Er kam nicht an Feitan heran.
Er konnte sich keinen Weg durch Feitans Hass bahnen.
Es war unmöglich.
Zitterte Illumi da etwa?
Feitan sagte ein paar drohende, beängstigende Sachen.
Sein Japanisch war verdreht, schon wieder.
Aber es war verdrehter, als es je gewesen war.
„Warum kannst du die antike Sprache der Zoldycks...?", fragte Illumi voller Entsetzen.
Seine gesamte kalte und emotionslose Erscheinung war wie vom Winde verweht.
Feitans Hass hatte ihn in die Knie gezwungen.
Wenigstens war jetzt das Rätsel von Feitans seltsamer Sprache geklärt.
„Weil ich gerade nur Hass empfinde.

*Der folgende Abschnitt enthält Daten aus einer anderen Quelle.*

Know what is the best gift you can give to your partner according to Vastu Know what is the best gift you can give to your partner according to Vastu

Weil ich die Zoldycks hasse", antwortete Feitan auf dieser antiken Sprache.
Ja, er beherrschte sie, gerade weil er die Zoldycks hasste. Er beherrschte sie, um zu zeigen, dass er nicht zu ihnen gehörte. Vielleicht mochte das sinnfrei klingen, aber für ihn ergab es Sinn.
Für ihn war diese Sprache der Ausdruck seines Hasses und seiner Wut, gegen die Zoldycks und gegen alles, was ihm in die Quere kam.

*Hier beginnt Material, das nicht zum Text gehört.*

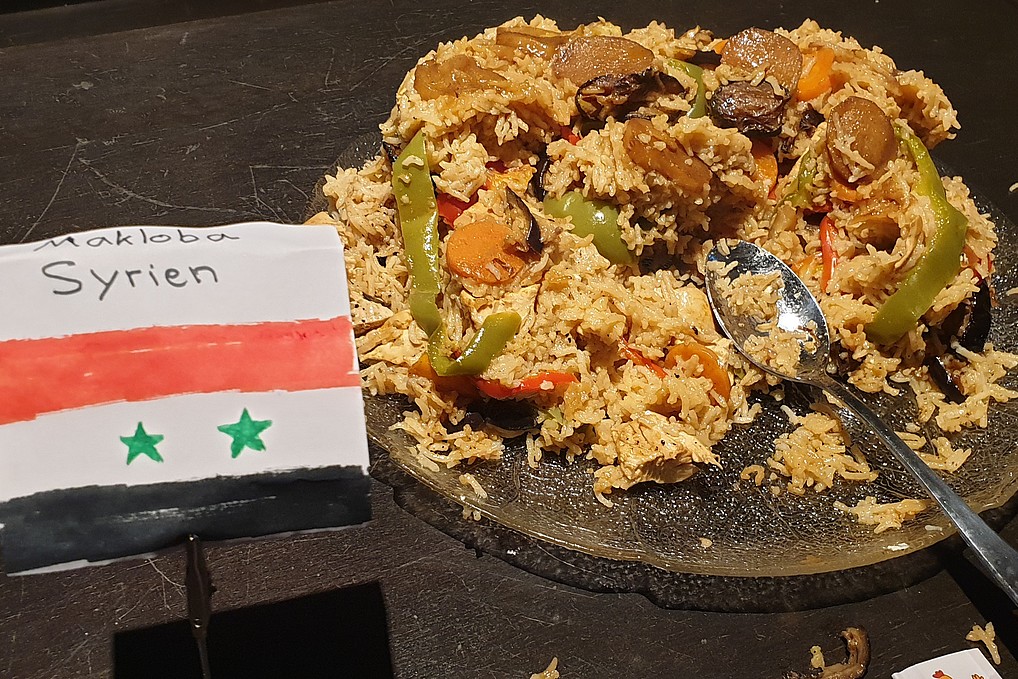 Makloba Reisgericht mit Hähnchenfleisch aus Syrien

Illumi konnte nichts mehr tun, als Feitan zuzusehen.
„Ich will dich leiden sehen", meinte Feitan auf der anderen Sprache.
Illumi verstand kein Wort, er wusste nur, das das diese antike Sprache war.
Eine Aura wie aus der Hölle umgab Feitan.
„Pain Packer", flüsterte er.
Sofort hüllte ihn seine Pain Packer-Rüstung ein.
Aber es war eine andere, als vorhin.
Sie war jetzt pechschwarz. Sie hatte bei weitem mehr Stacheln. Über die Ärmel zogen sich blutrote, umgekehrte Kreuze.
Als wäre die Rüstung vom Teufel gemacht.
„Hell's Hurricane", flüsterte er.
Die Erde fing zu beben an.
Ganz laut.

Phinks rannte weiter in die Stadt hinein.
Er musste seine Wunden halten, um den Blutfluss zu stoppen, doch als die Erde bebte, lachte er.
„Das ihn ein Gegner tatsächlich mal dazu bringt... Feitan, Bruderherz, ich liebe dich, du verrückter Bastard! Tu's für Shalnark!!", schrie er laut lachend in die Nacht hinein.

Die Erde bebte, und es wurde stürmisch.
Ja, ein riesiger Sturm umgab Feitan und Illumi.
Er war wirklich gigantisch, und abnormal schnell.
Und zugleich wie ein Erdeben.
Und aus Feitans Nen gemacht.
Ein Hurricane aus Nen.
Doch auf einmal fasste Illumi wieder seinen Mut.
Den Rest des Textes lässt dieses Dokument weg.